Which is not a problem IMHO. Our own facets work, and the implementation is
confined to one file which nobody needs to look at (unless he wants to).

I was not sure because they were guarded by
  #ifdef !defined(USE_WCHAR_T) && defined(__GNUC__)
and I was fearing it could have become dead code with the time.

There is also the option to test for an existing facet before replacing
it. On the other hand I am wondering whether it's in fact good to define
our own, so that there is no surprise of locale-specific behaviour that
change with the weather and the time of day.


AFAIK we do currently not need string literals in combination with
trivstring, so I do not see an advantage of replacing it with something
else, especially looking at 4. IMHO we should simply keep trivstring until
we can require gcc 5.1.

The point is to remove the need for trivdocstring entirely, so that we
can already use docstring knowing it is thread-safe. This might not
change the existing code, but could simplify the future one. (In fact I
was unaware of trivstring and these threading issues until last week --
It's good to simplify the situation.)

going from string to char * to string again can be
a lossy conversion.

Right, I'll keep that in mind.


To me the most important part (the first patch) looks very promising. Very
nice work!

Thank you

Is there anything besides the facets that you think is not ready?

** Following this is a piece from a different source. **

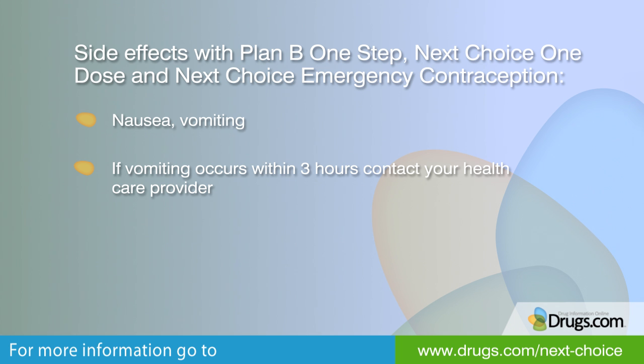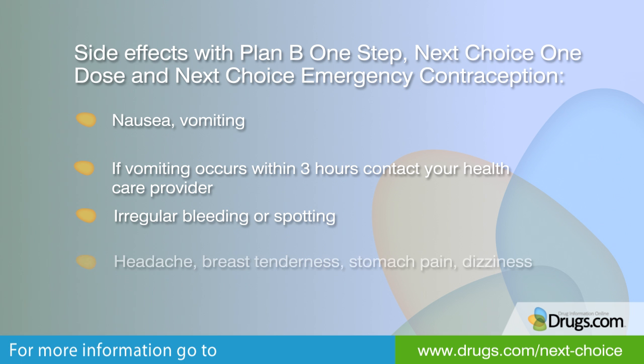Other short-term side effects include irregular bleeding or spotting, headache, breast tenderness, or stomach pain.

* There could remain some bogus documentation and workarounds that
escaped me (I could remove ones that were easy to find).

* Other problems that would only appear at runtime (I learnt about
facets the hard way...).

The only thing I would do differently is the replacement of empty_string()
and empty_docstring(): Those were introduced to avoid including <string>.
Since <string> is now required, it would be better to initialize the default
arguments with docstring() or std::string().

There is not much a difference from what I did, other than matters of
taste, is there?

And in a second step we should
get rid of strfwd.h completely, the name would be wrong for all compilers
then.

I can also try to keep docstring forward-declared.